Barriers to building multidisciplinary research in universities can include “jealous” academics and a lack of incentives or community, the Times Higher Education World Academic Summit has heard.
The summit, hosted by the University of Sydney, is on the theme of “collaborating for greatness in a multidisciplinary world”.
While there is often talk about research that works across disciplines being the solution to many of the world’s biggest challenges, a session on “building multidisciplinary research from the ground up” heard there are plenty of barriers within universities.
Shearer West, the University of Nottingham vice-chancellor, related her university’s experience of creating six “beacons of excellence”, in global challenges including ensuring sustainable food supplies, ending slavery and developing greener transport systems.
“We were able to bring on early career [researchers] into new multidisciplinary spaces, we cemented a number of our industrial partnerships and we had spin-outs and various other outcomes we might not have had otherwise,” Professor West told the event.
There were other “concrete outcomes”, such as the precision imaging beacon leading on to Nottingham winning £29 million of funding to create the UK’s most powerful Magnetic Resonance Imaging scanner, “on the basis of having this new capability”.
“That was all great. What didn’t work…there was a lack of fit [in] these beacons with the structures, governance and financial arrangements for a university,” Professor West continued.
Another problem was “internal politics”, she added. “There were some very jealous people in the university who felt like this investment was ‘coming to them, not to us’. And that created some really bad feeling, unfortunately.”
Professor West summed up on multidisciplinary research: “It’s risky; you have to hold your nerve for outcomes. It’s worth doing; but you also have to expect and tolerate failure.”
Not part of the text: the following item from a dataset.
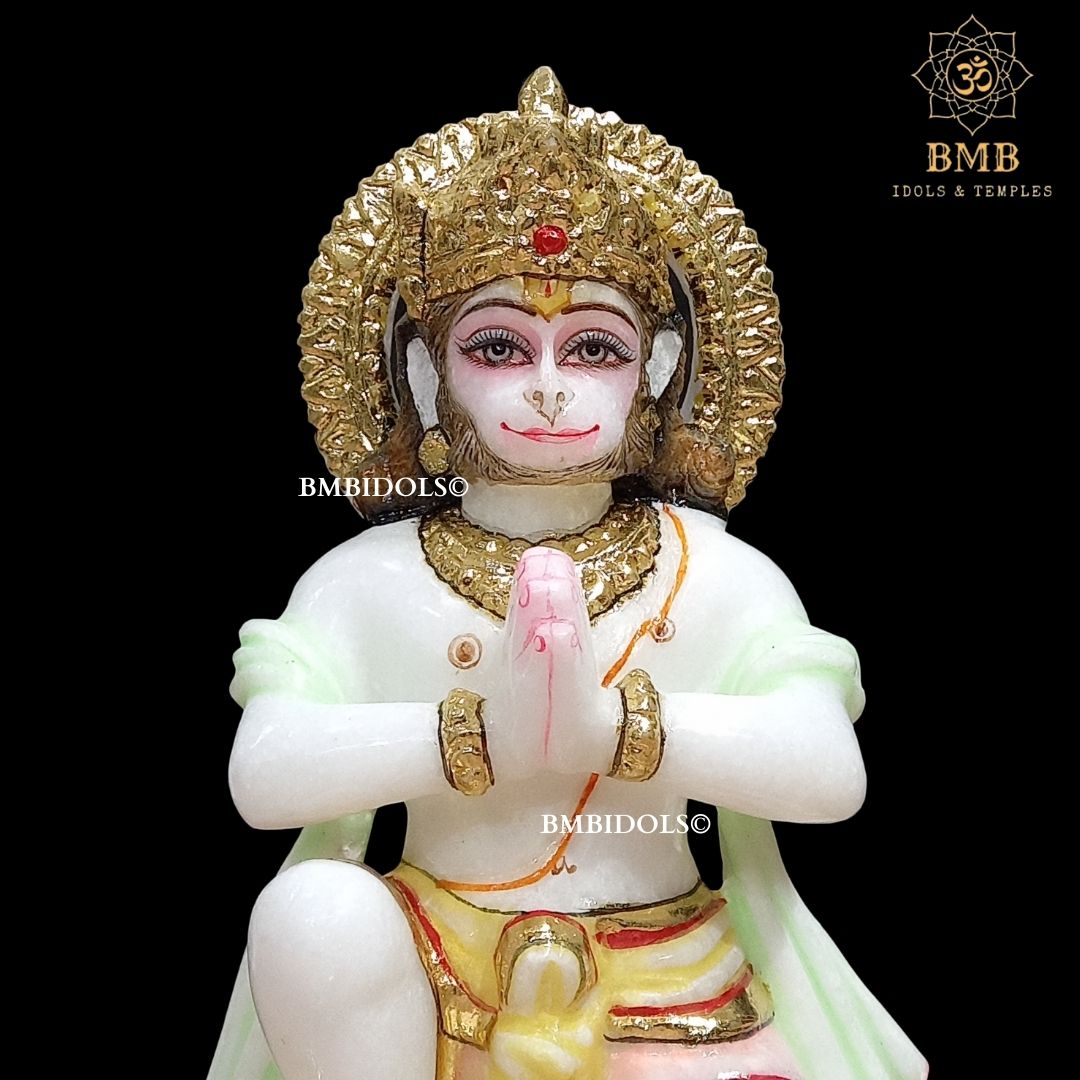 Marble Ram Darbar Statue made in Makrana Marble in 18inches with Ram Lakshman and Sita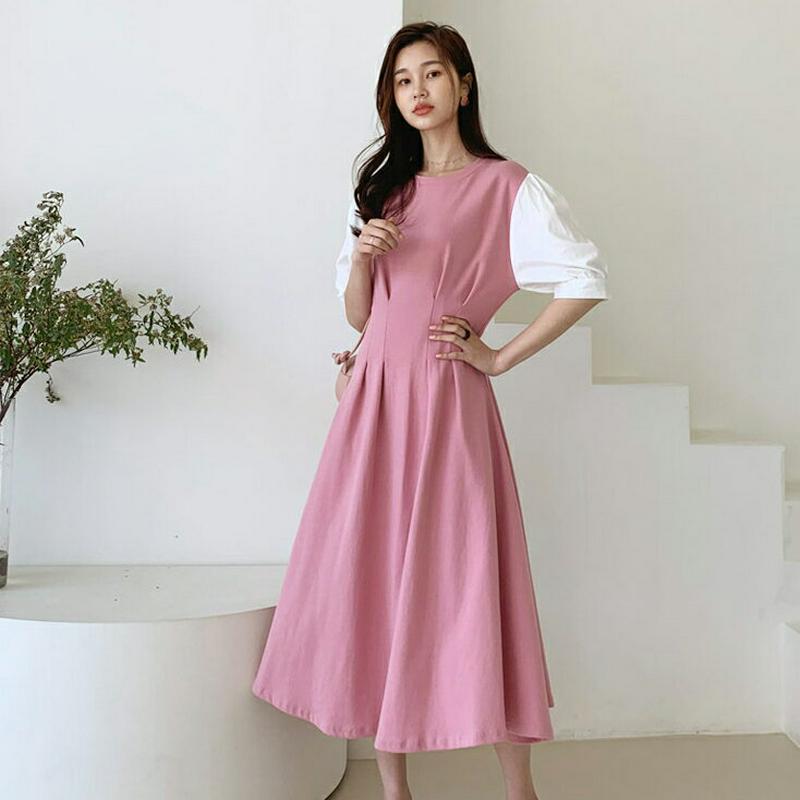 配色スリーブタックワンピース・全3色・b55464 レディース 【ops】【ワンピース ロング ロングワンピース タック 配色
Megan Kenna, founding executive director of Schmidt Science Fellows, which identifies outstanding PhD graduates and provides them with postdoctoral fellowships to mount a “significant disciplinary pivot from their PhD topic”, told the event: “We heard from a lot of our fellows there really were a lot of barriers to doing this kind of problem-focused interdisciplinary science when they went back into academia and other areas.”
Schmidt Science Fellows and THE recently announced they would be partnering with the aim of developing a new ranking measuring universities’ contribution to interdisciplinary science.
One barrier the organisation’s fellows highlighted was “a lack of high-risk, high-reward funding for interdisciplinary science”, said Dr Kenna.
Another problem raised, she added, was a “lack of community – actually there’s something really important about having other people who are approaching things in similar ways to you and reading the same journals and having conversations with them”.
That showed “building a community of people who are trying to do science differently is a really important factor”, she continued.
And Dr Kenna also said fellows found “the incentive structure [in universities] really disincentivised interdisciplinarity – that in fact if you were first author on papers, or publishing in the journals you were expected to publish in…you were more likely to be promoted”.
Professor West suggested the consensus on the panel was that “incentives rather than shot-gun marriages is the [right] top-down tactic”.